Turn a couple of related functions into methods as well.
---
 llvm/utils/TableGen/DecoderEmitter.cpp | 110 ++++++++++++++-----------
 1 file changed, 61 insertions(+), 49 deletions(-)

diff --git a/llvm/utils/TableGen/DecoderEmitter.cpp b/llvm/utils/TableGen/DecoderEmitter.cpp
index 109b955db6d79..8ac8a363e5fe2 100644
--- a/llvm/utils/TableGen/DecoderEmitter.cpp
+++ b/llvm/utils/TableGen/DecoderEmitter.cpp
@@ -219,11 +219,12 @@ using NamespacesHwModesMap = std::map<std::string, std::set<unsigned>>;
 
 class DecoderEmitter {
   const RecordKeeper &RK;
+  CodeGenTarget Target;
+  const CodeGenHwModes &CGH;
   std::vector<EncodingAndInst> Encodings;
 
 public:
-  DecoderEmitter(const RecordKeeper &R, StringRef PredicateNamespace)

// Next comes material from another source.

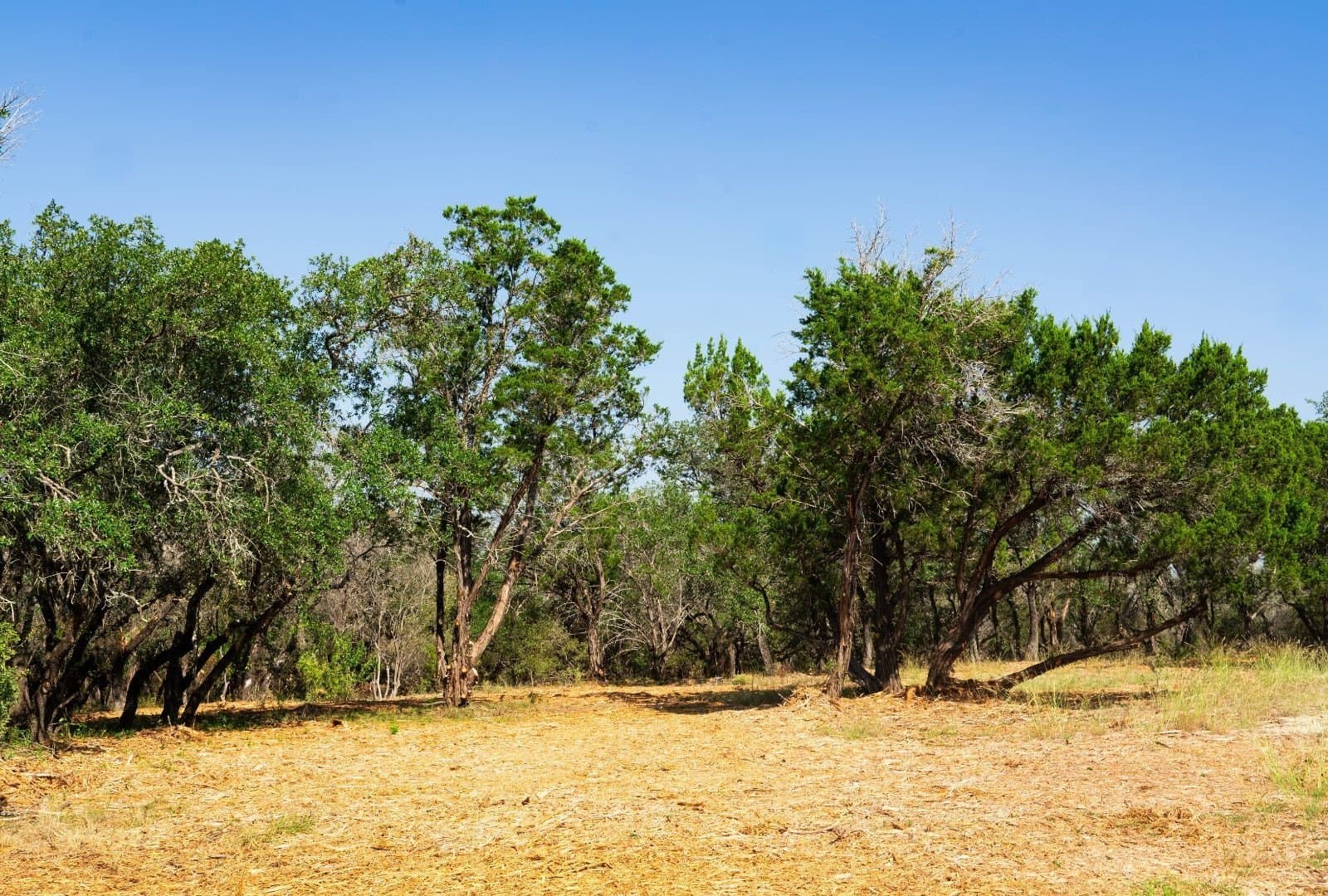 40 acres in Travis County - photo 19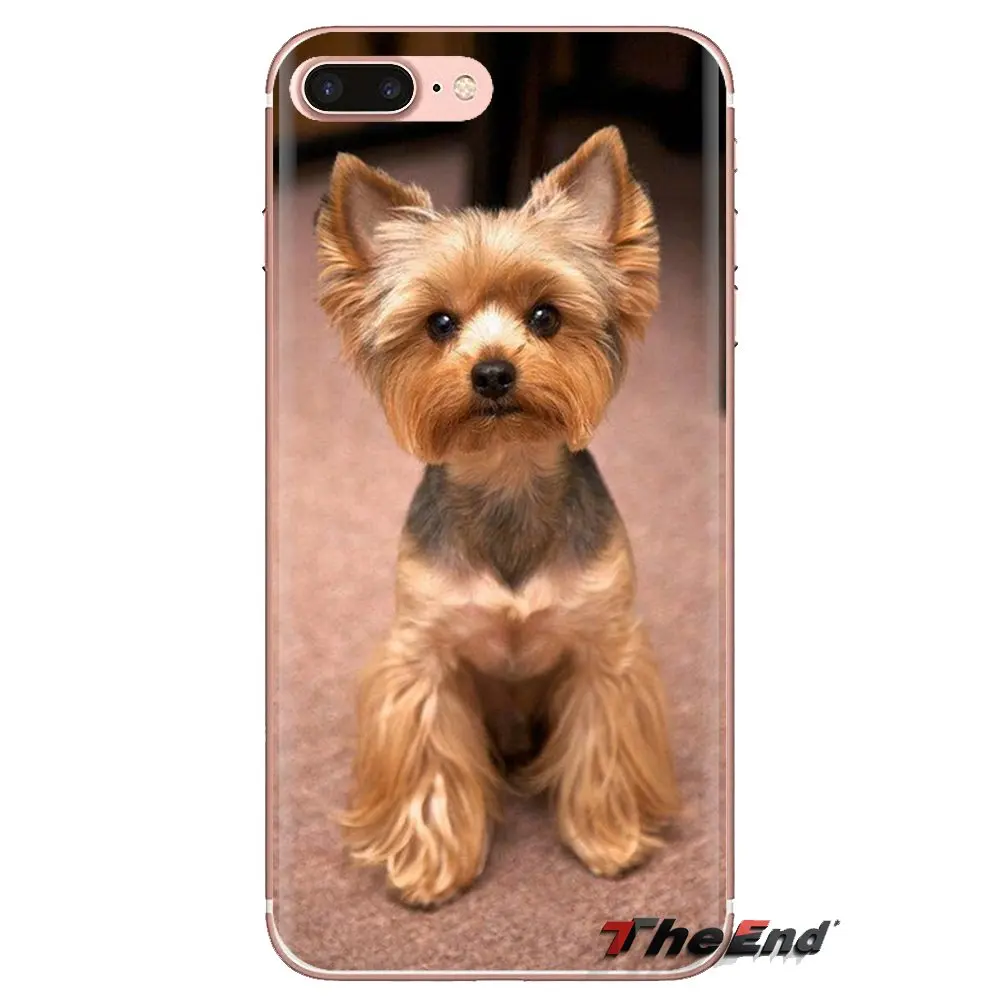 Силиконовые чехлы для телефона с надписью &quotЯ люблю мою Йоркширский терьер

-      : RK(R), Target(R), PredicateNamespace(PredicateNamespace) {}
+  DecoderEmitter(const RecordKeeper &RK, StringRef PredicateNamespace);
 
   const CodeGenTarget &getTarget() const { return Target; }
 
@@ -240,10 +241,18 @@ class DecoderEmitter {
                            DecoderSet &Decoders) const;
 
   // run - Output the code emitter
-  void run(raw_ostream &o);
+  void run(raw_ostream &o) const;
 
 private:
-  CodeGenTarget Target;
+  void collectHwModesReferencedForEncodings(
+      std::vector<unsigned> &HwModeIDs,
+      NamespacesHwModesMap &NamespacesWithHwModes) const;
+
+  void handleHwModesUnrelatedEncodings(
+      const CodeGenInstruction *Instr, ArrayRef<unsigned> HwModeIDs,
+      NamespacesHwModesMap &NamespacesWithHwModes);
+
+  void parseInstructionEncodings();
 
 public:
   StringRef PredicateNamespace;
@@ -2393,12 +2402,12 @@ static bool Check(DecodeStatus &Out, DecodeStatus In) {
 )";
 }
 
-// Collect all HwModes referenced by the target for encoding purposes.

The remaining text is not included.